What to produce:
The entries below contain pictures. Write out only the lines from the line with "Kral Şakir Uzayda Cupcake Sunum Standı Kral" up to and including the line with "lisanorfolk's tweet photo.", exactly, without them.

Data under study:
==========

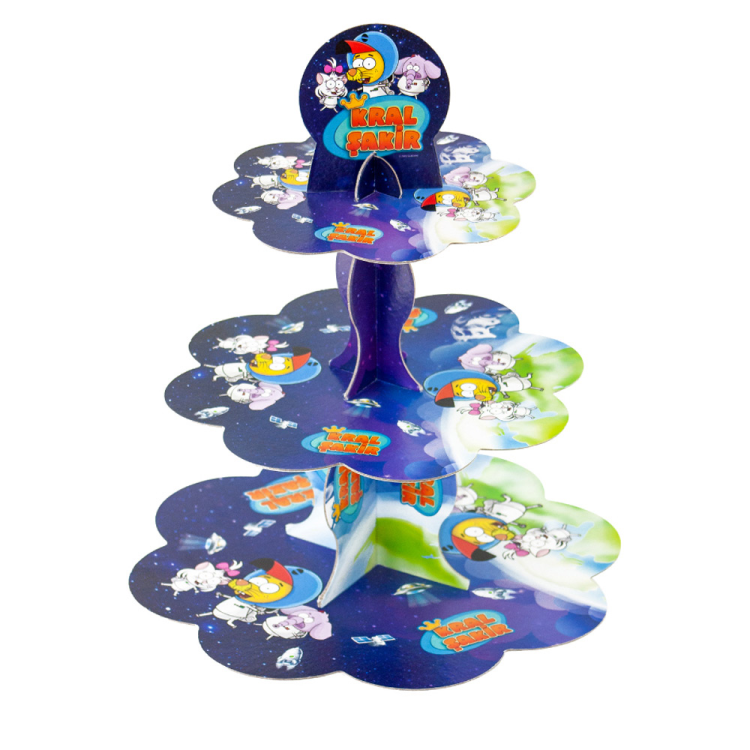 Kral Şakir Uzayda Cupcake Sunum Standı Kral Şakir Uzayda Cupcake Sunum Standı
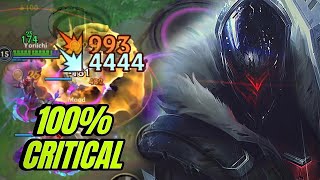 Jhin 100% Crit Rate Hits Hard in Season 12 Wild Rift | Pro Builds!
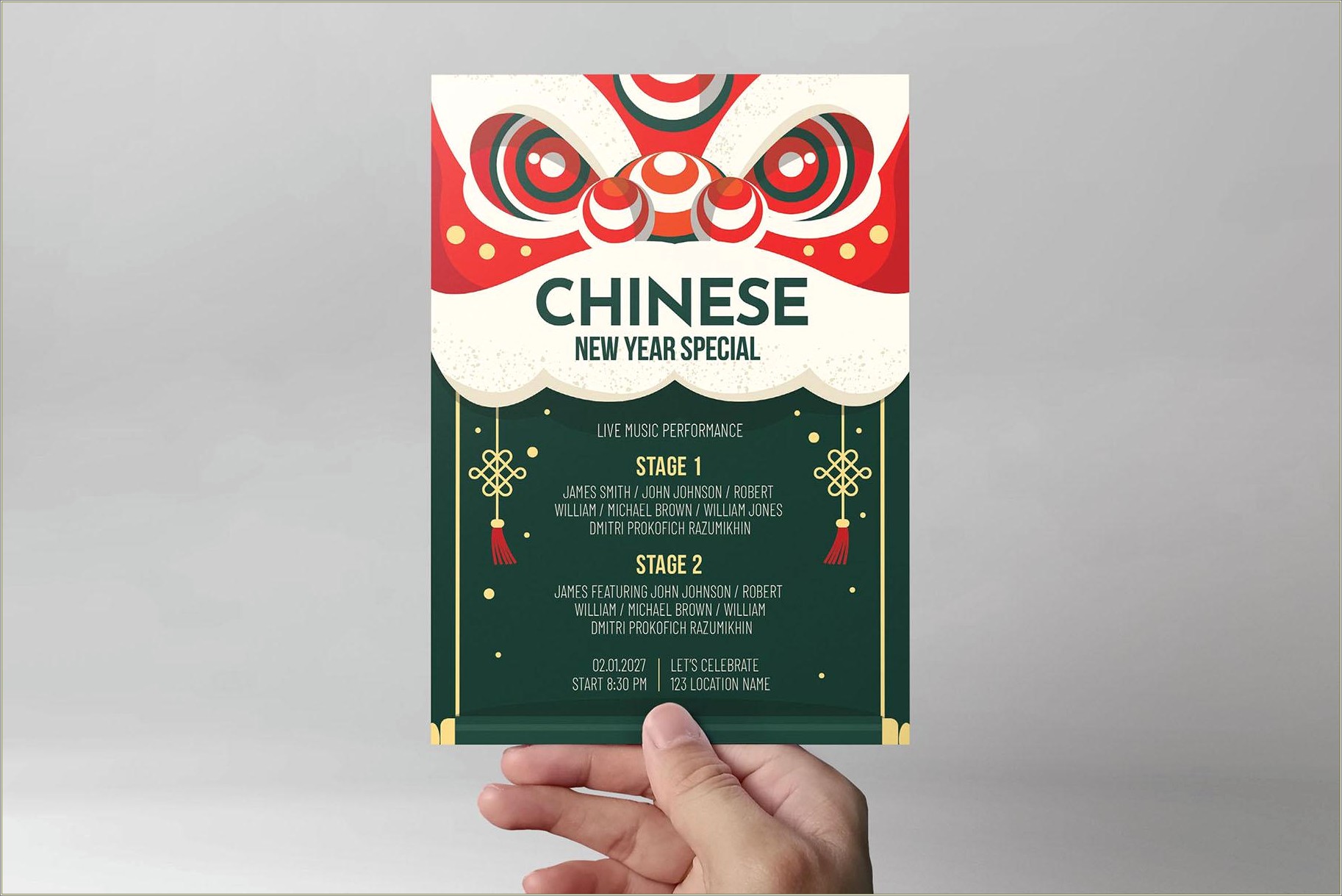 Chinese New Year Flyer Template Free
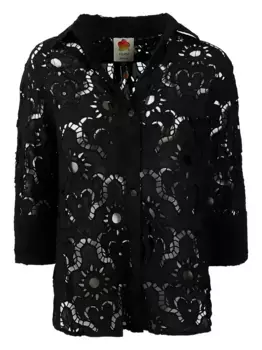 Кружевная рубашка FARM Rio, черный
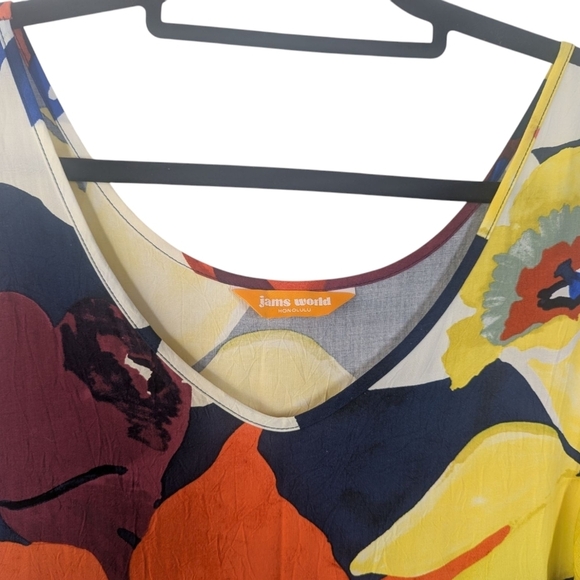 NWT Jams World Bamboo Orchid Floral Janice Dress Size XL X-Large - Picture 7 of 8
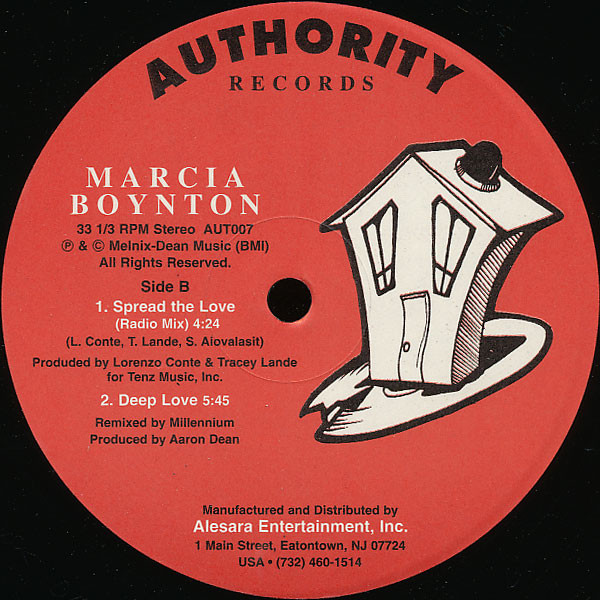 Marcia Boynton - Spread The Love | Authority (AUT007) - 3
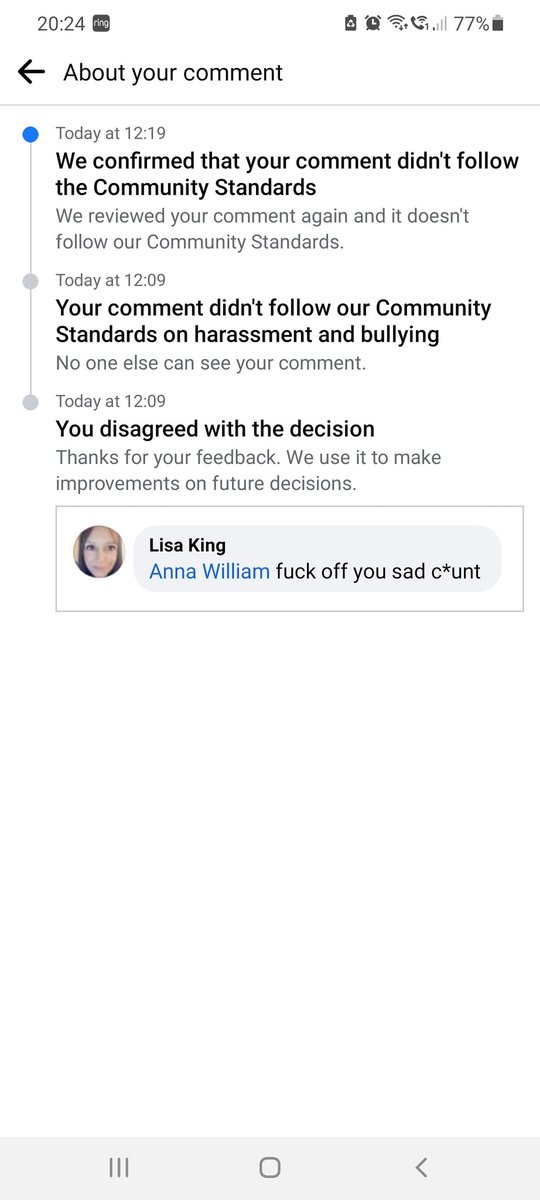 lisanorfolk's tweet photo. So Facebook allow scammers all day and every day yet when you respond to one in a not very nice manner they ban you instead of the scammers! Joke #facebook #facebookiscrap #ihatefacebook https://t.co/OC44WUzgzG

==========

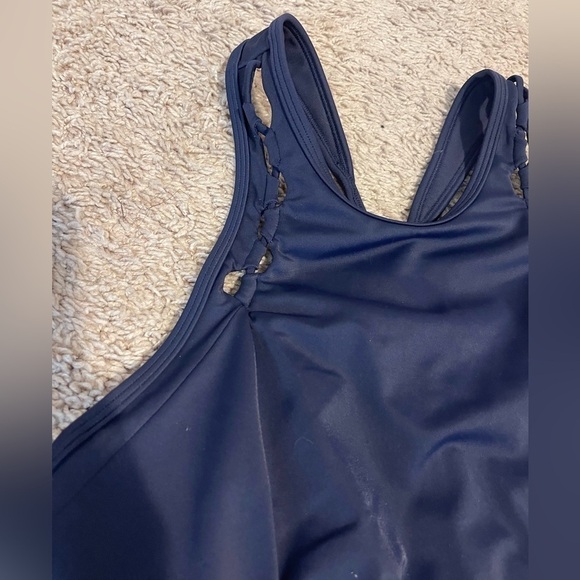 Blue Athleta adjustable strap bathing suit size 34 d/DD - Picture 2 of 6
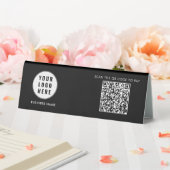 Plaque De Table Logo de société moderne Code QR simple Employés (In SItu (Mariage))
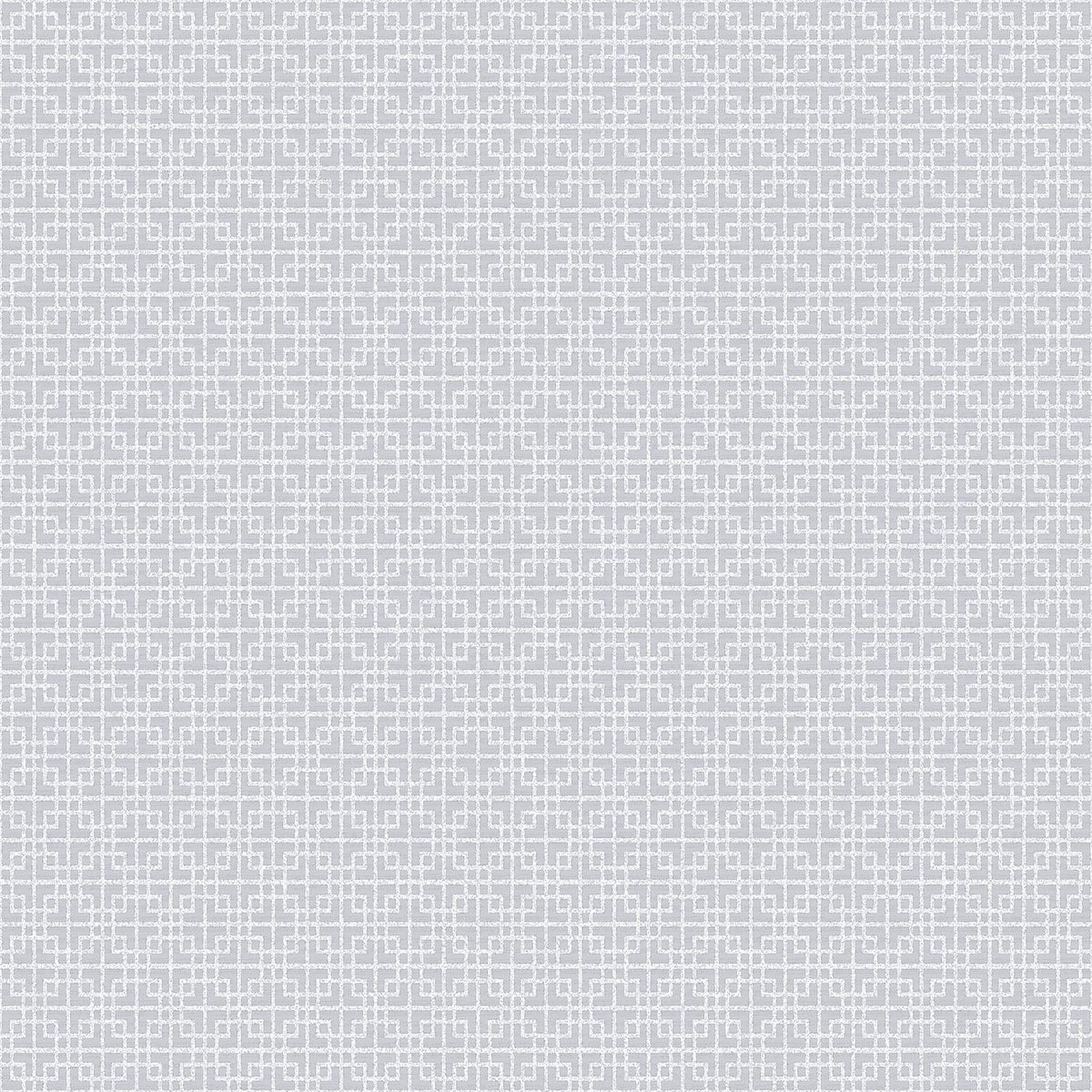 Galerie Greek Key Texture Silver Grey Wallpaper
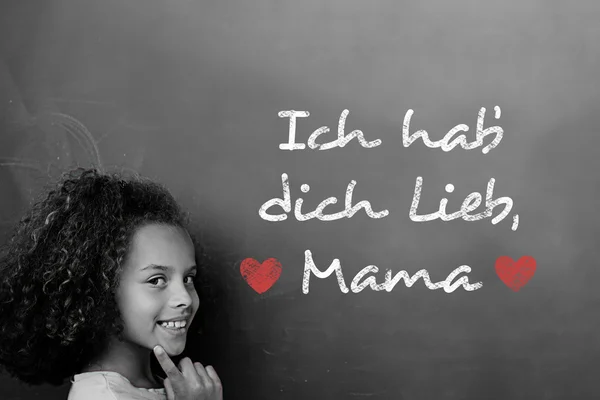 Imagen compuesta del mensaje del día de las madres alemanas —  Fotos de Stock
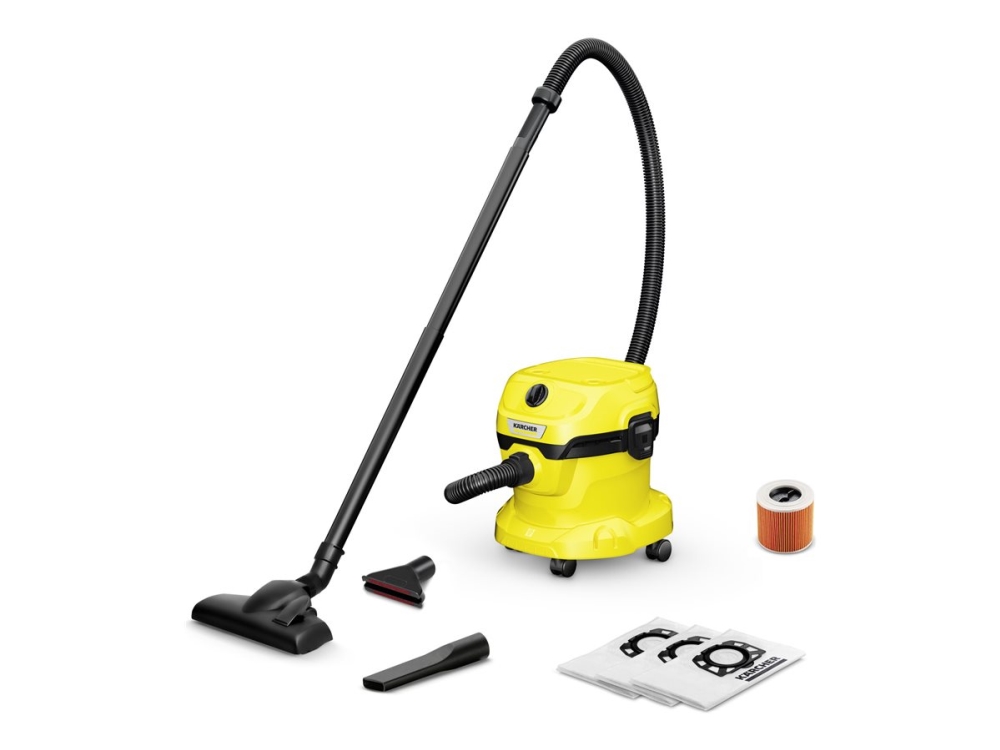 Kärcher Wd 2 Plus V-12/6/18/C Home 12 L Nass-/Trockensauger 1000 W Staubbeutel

==========

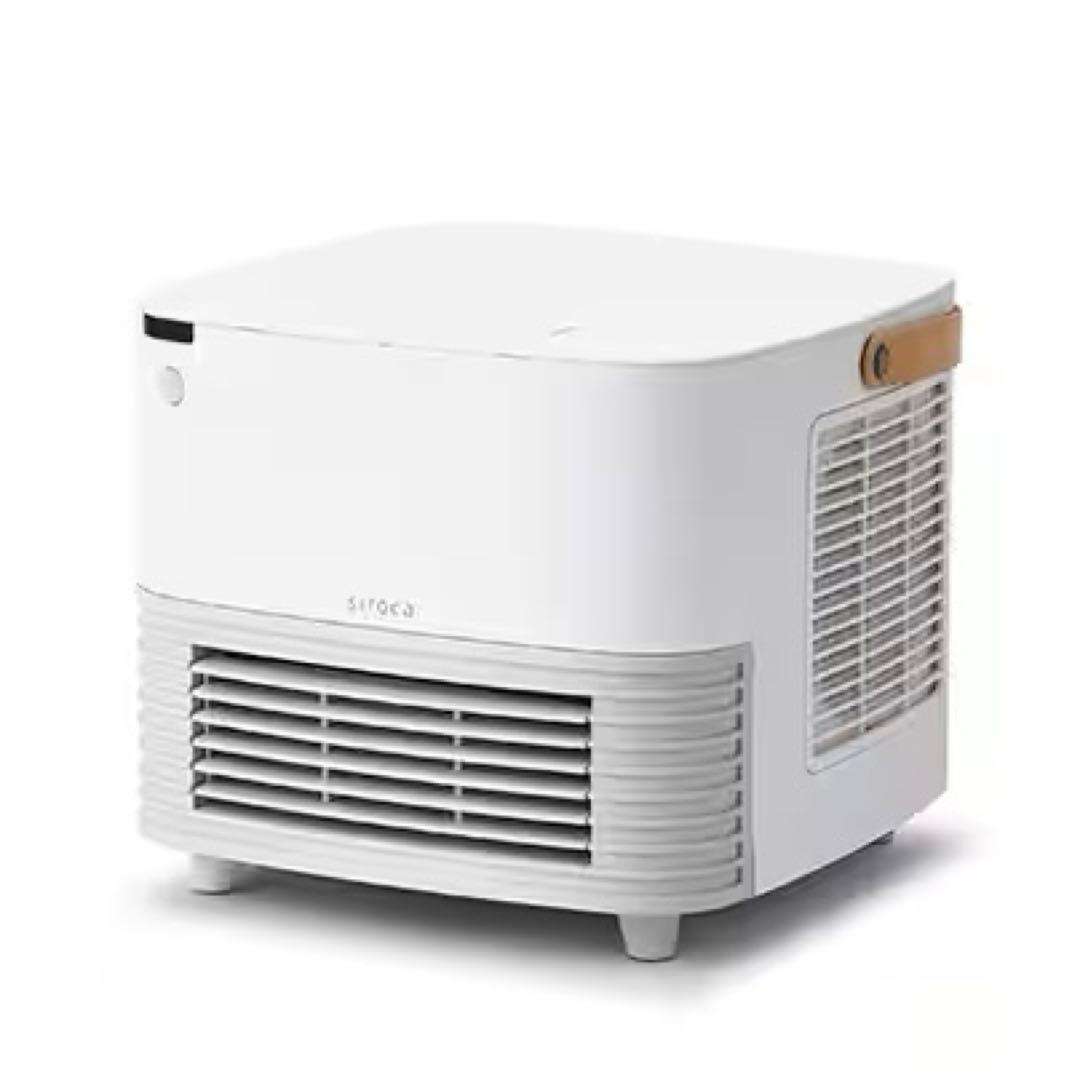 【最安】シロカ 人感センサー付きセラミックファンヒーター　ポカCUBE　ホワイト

==========

Result:
 Kral Şakir Uzayda Cupcake Sunum Standı Kral Şakir Uzayda Cupcake Sunum Standı
 Jhin 100% Crit Rate Hits Hard in Season 12 Wild Rift | Pro Builds!
 Chinese New Year Flyer Template Free
 Кружевная рубашка FARM Rio, черный
 NWT Jams World Bamboo Orchid Floral Janice Dress Size XL X-Large - Picture 7 of 8
 Marcia Boynton - Spread The Love | Authority (AUT007) - 3
 lisanorfolk's tweet photo. So Facebook allow scammers all day and every day yet when you respond to one in a not very nice manner they ban you instead of the scammers! Joke #facebook #facebookiscrap #ihatefacebook https://t.co/OC44WUzgzG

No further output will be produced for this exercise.